### Exercise objective
From the data below, return the exact lines starting at the line containing "Cayuco avistado en" and ending at the line containing "Foto Appartamento a", both included, and nothing else.

### Extracted records
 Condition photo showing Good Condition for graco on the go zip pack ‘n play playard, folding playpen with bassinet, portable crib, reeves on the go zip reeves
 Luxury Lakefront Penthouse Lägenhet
* * *
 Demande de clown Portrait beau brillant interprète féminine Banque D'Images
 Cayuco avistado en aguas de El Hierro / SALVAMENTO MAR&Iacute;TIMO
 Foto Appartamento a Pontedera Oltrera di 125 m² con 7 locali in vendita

### Result of this task
 Cayuco avistado en aguas de El Hierro / SALVAMENTO MAR&Iacute;TIMO
 Foto Appartamento a Pontedera Oltrera di 125 m² con 7 locali in vendita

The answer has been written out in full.